As I learned more about the bullfighters, I came to regard the bulls differently, too. Like a matador, I started to see the difference in personalities among the bulls. One was slow and dimwitted. Another liked to play mind games. I particularly liked the bull who wouldn't die easily: Just when the matador thought it was dead and started to walk away, the beast would jump to its feet and charge. Twice he did that.

Two bulls bucked the matadors with their heads, though the matadors were not injured enough to stop the fight. Anger boiled inside the injured matadors, and they killed their bulls with a swift fierceness. Regino watched this carefully.

I wouldn't say that I necessarily rooted for the bulls, but I did enjoy when they gave the bullfighters a run for their money. And I grew to accept their fate--not to like it, but simply to accept the inevitable. The locals do this, too. In the eyes of the world, bullfight fans may have a reputation for being barbaric, but they learn to accept the bull's role in this Spanish drama as much as they accept the bullfighter's.

Aside from politely answering my questions and allowing me to eavesdrop on his conversation with his cousin, Regino didn't speak much to me. But he did offer one unsolicited comment: No bullfight could have been more perfect for a first-timer, because it had a little of everything. One matador was so terrible that the crowd booed him out of the ring, and another matador had to come in and kill the bull. Another fight was so strong that the matador earned a victory lap. Bulls died easily, and bulls died hard. No fight was so good that the president of the bullring allowed the matador to cut the bull's ear off as a trophy, but I was okay with that.

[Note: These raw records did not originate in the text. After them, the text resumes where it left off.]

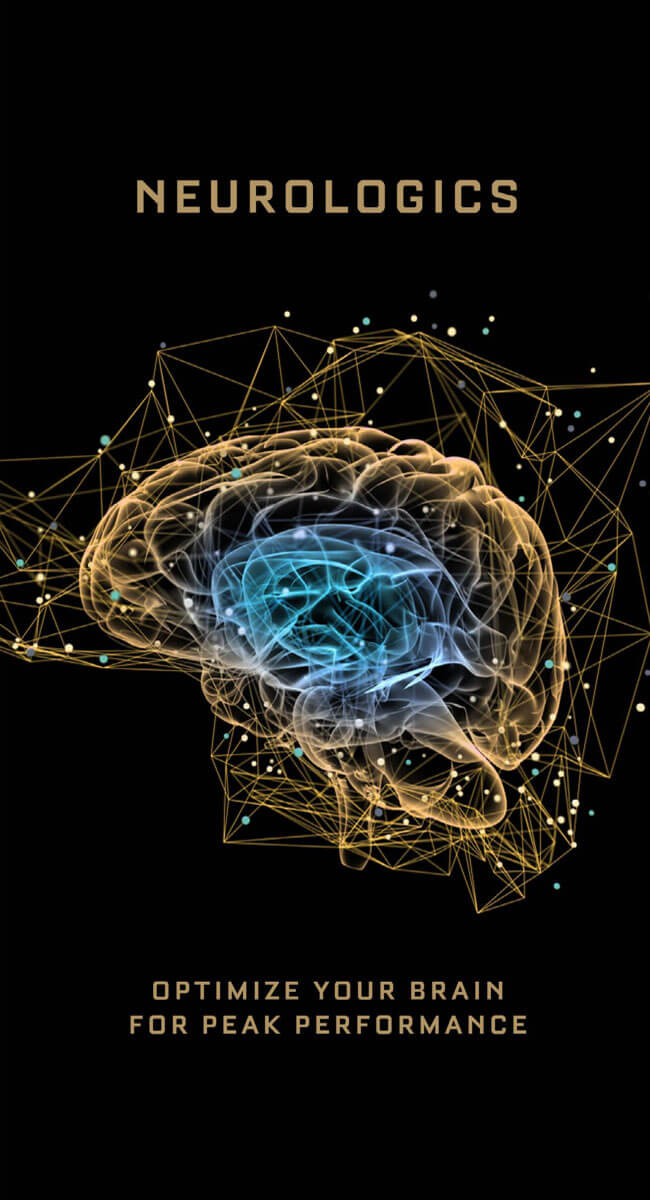 Illustrated brain overlaid with a glowing gold network graphic on a black Neurologics background.
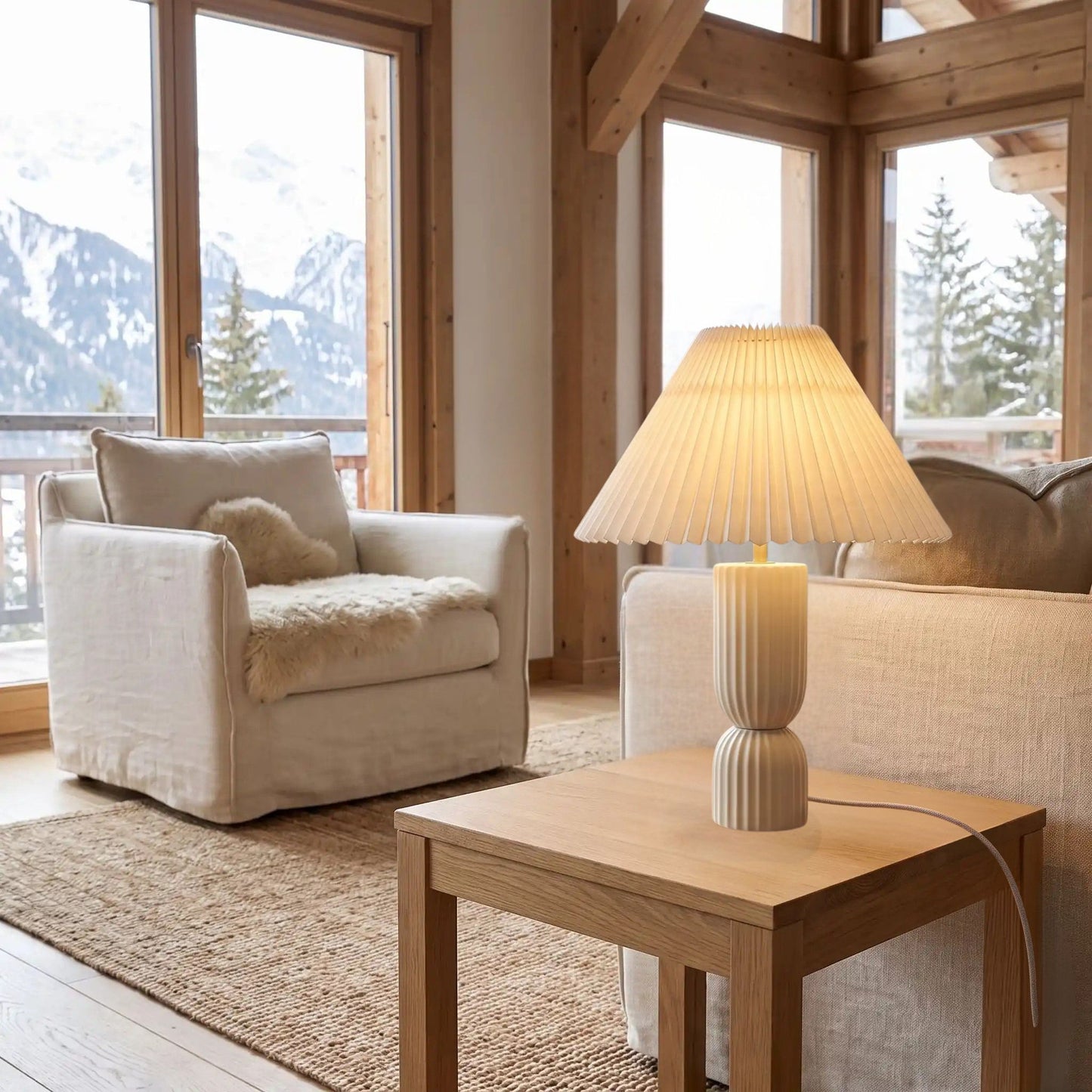lampe à poser sejour scandinave ceramique blanche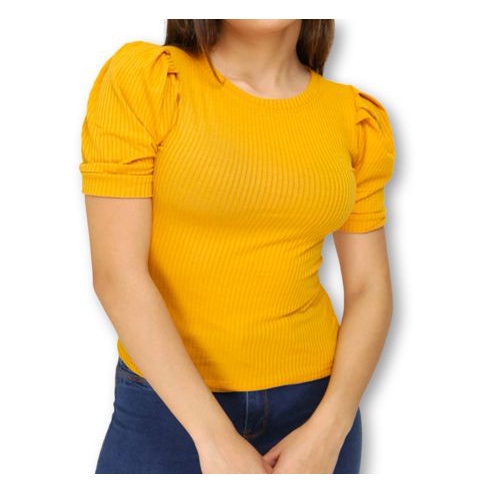 Blusa feminina canelada gola rasa manga curta bufante princesa blogueira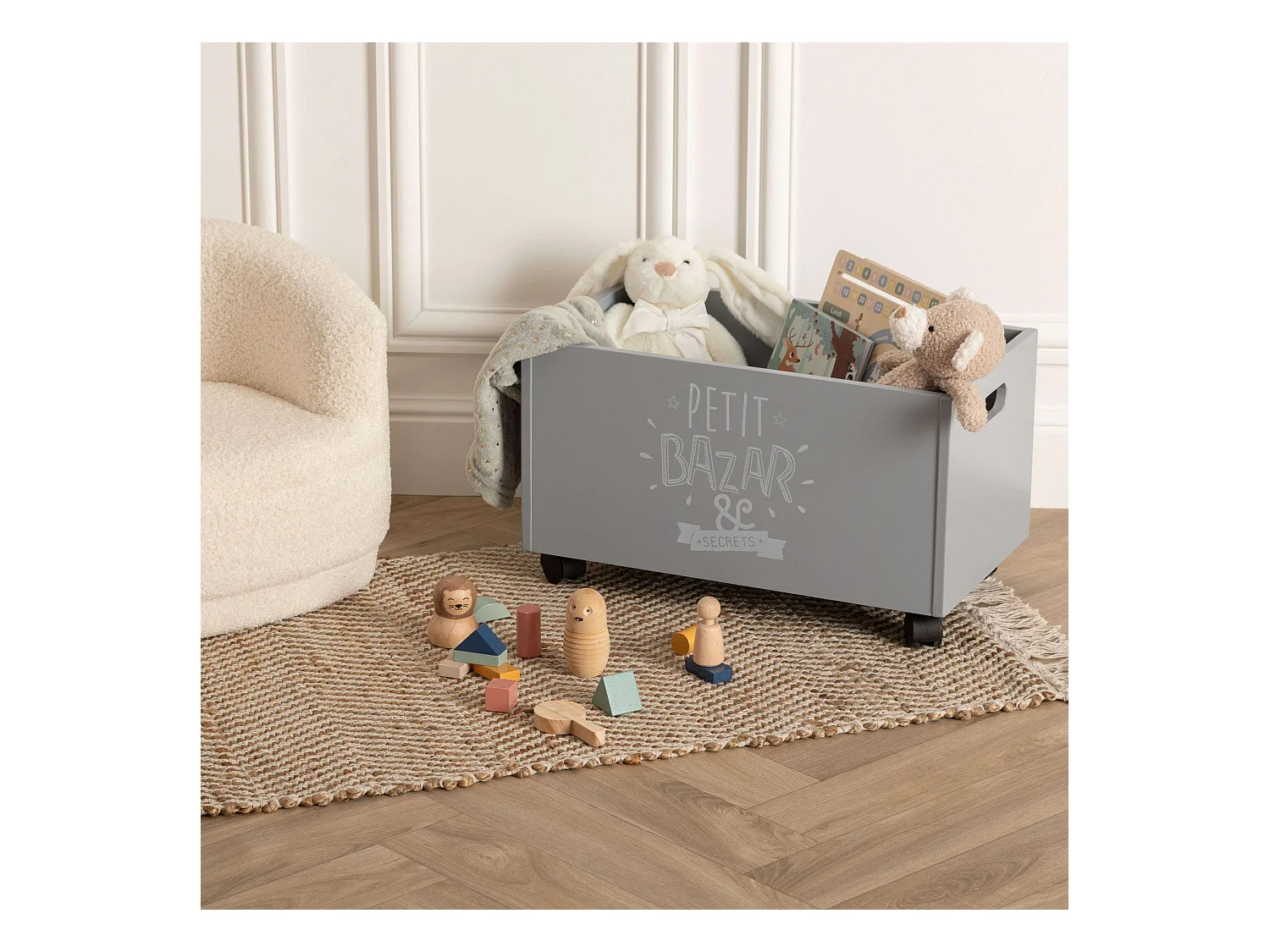 Coffre à roulettes pour enfant coloris gris Atmosphera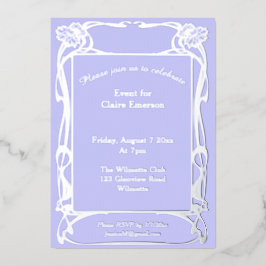 Invitación Con Relieve Metalizado Elegante marco floral Art nouveau de papel de esta
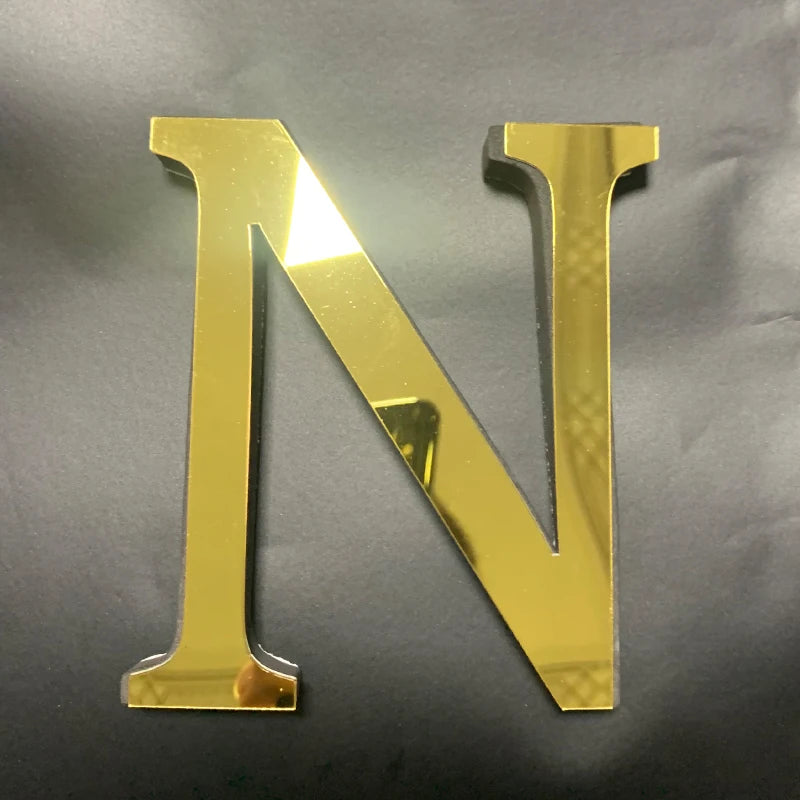 Gold Mirror Acrylic Wall Letters – DIY Peel & Stick English Alphabet Décor\ Living Room Decor – Wall Art, Curtains, Clocks, Furniture & More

I felt satisfied, and by the end I was immune to the death and surprised to have enjoyed the bullfight so much. Within three hours, I went from being more horrified than at any other time in my life to becoming almost desensitized.

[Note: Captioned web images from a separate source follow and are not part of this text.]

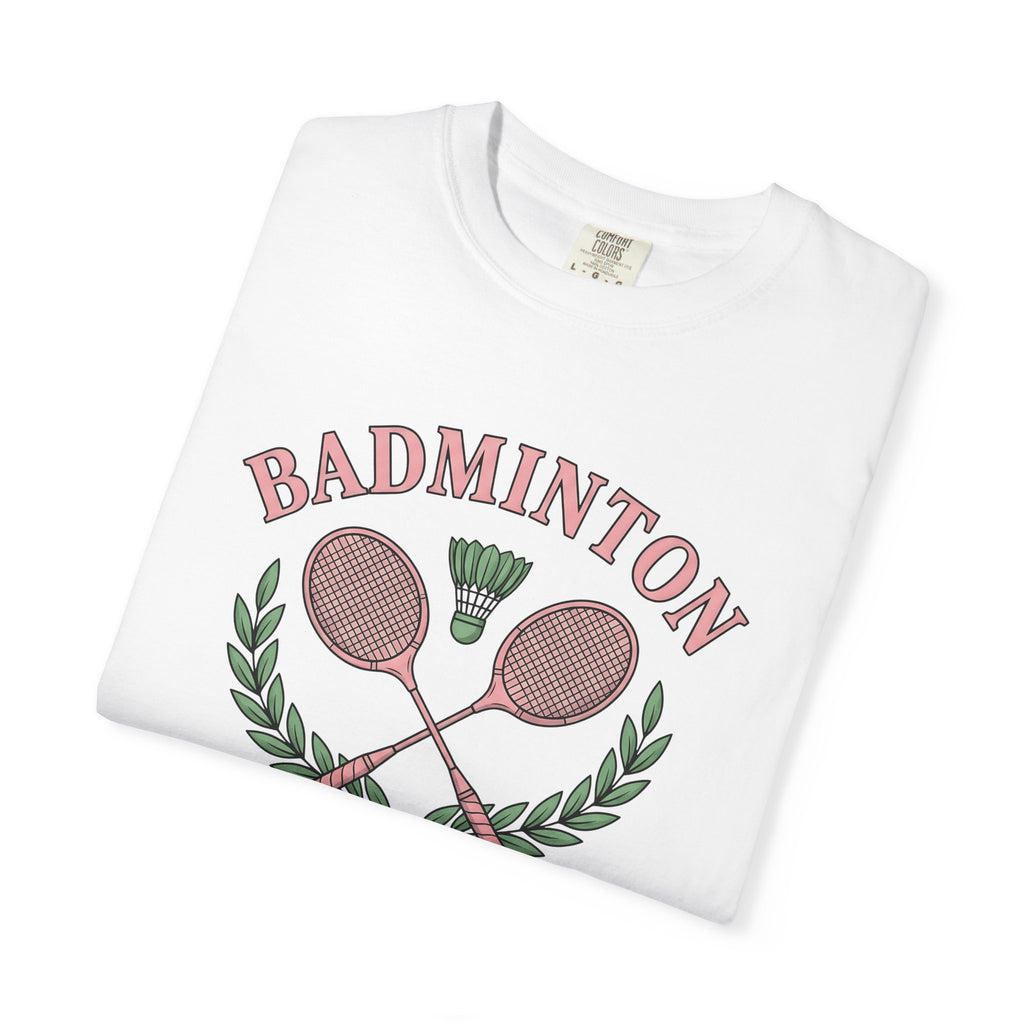 Badminton Racquets Shirt Badminton Association Gift Women Line Art Tee Racquet T-Shirt Badminton Enthusiast Drawing Design Cartoon Birdie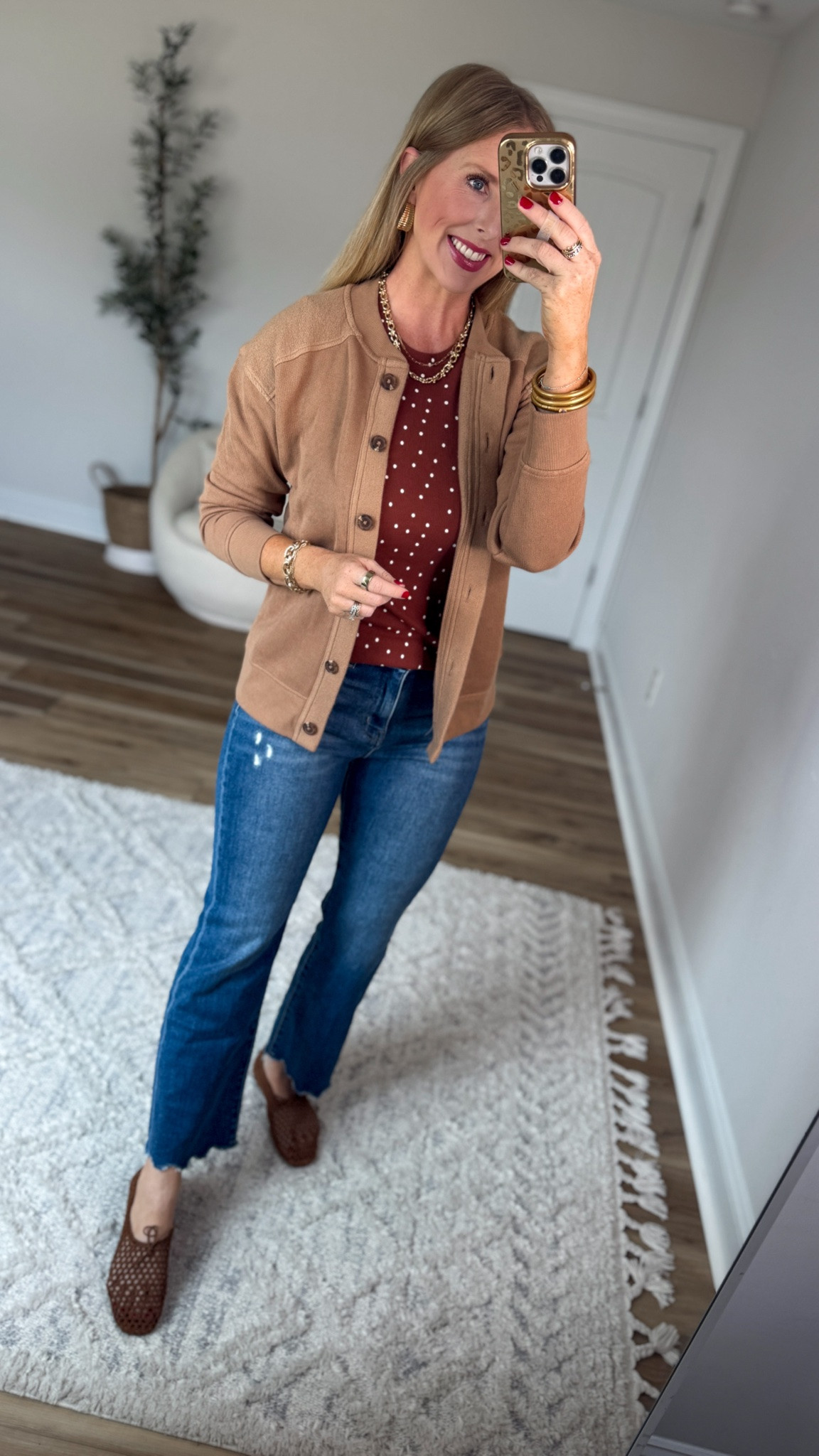 Daily try on, Maurices, kick flare jeans, polka dot top, bomber cardigan

#LTKootd #LTKSaleAlert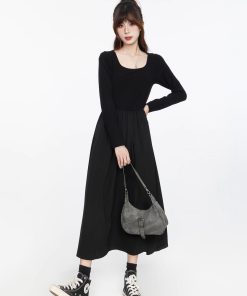 Black Square Neck Long Sleeve Dress for Women, Elegant Waist-Cinching Slimming Fit, Flared Skirt, Spring Autumn 2025 Fashion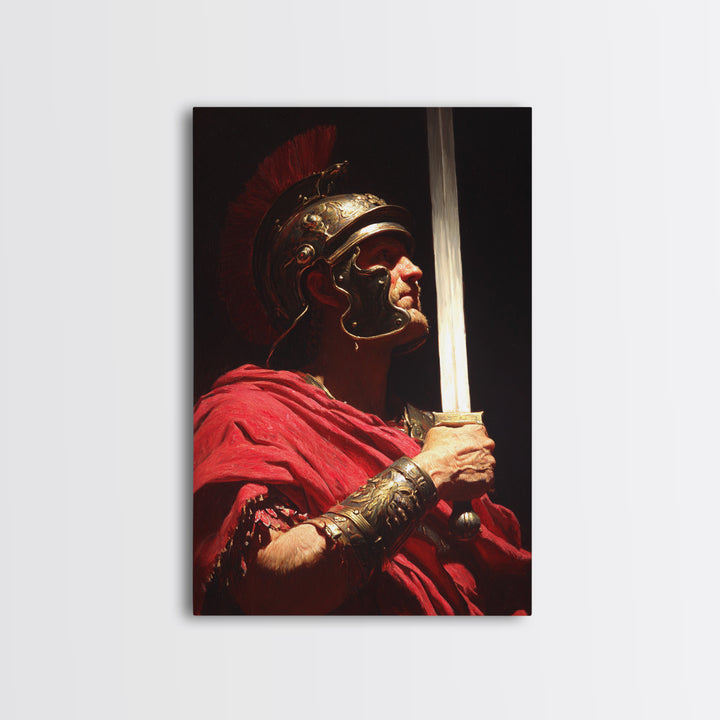 Classical Roman Soldier Portrait Oil Painting With Dramatic Lighting Wall Art For Home Decor And Office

For weeks after the bullfight, I had the same conversation with people:

"How was Spain?"

"It was fantastic."

"What did you do?"

"I went to a bullfight."

"How was it?"

I paused for a moment. "I hate to admit it," I always prefaced, "but I loved it."

More times than not, I am greeted with wrinkled brows and grimaces. Yet, after explaining the bullfight--how I initially dreaded it, then became horrified and then saw the bullfight through the eyes of a matador--people understand better how I can say I loved it. Still, in my head, I always return to one image: that of the first bull, lying prone, two of its legs twitching uncontrollably in the air. It's the image I saw in my sleep and the one I still can't shake from my mind.

Does that mean I am a monster? Can I still say that I loved the bullfight even though the image stuck in my mind couldn't be more awful?

Weeks passed before I could explain to myself how I could like something so horrible: When was the last time I saw a movie or read a book that I thought about nearly every day for four weeks? When was the last time I was so stirred to think about fate--both of another living creature and of my own?

It may be overdramatic to contemplate, but perhaps if I could learn to accept the fate of the bulls, I could learn over a lifetime to accept my own. If I could study ritual and drama in the movements of the matadors, maybe I can find the same in ordinary people doing ordinary things. If I could learn to overcome my reaction to the killing and appreciate an event that many Spaniards do, perhaps I will have similar "blending" experiences traveling in other countries.

Or was the reason I liked this bullfight more basic: Did I simply like liking something that most people outside Spain abhor?

Good or bad, nothing in life has been as thought-provoking as that April bullfight in Madrid. Good or bad, the bullfight transformed me from an ordinary American to something closer to an appreciative Spaniard, even if just for three short hours. Maybe that's what I loved.

Elissa Leibowitz, who works in the Sports department of The Post, is planning to return to Spain this fall.

CAPTION: Matador Regino Ortes, above, schooled the author on the art of bullfighting while both watched from the stands in Madrid.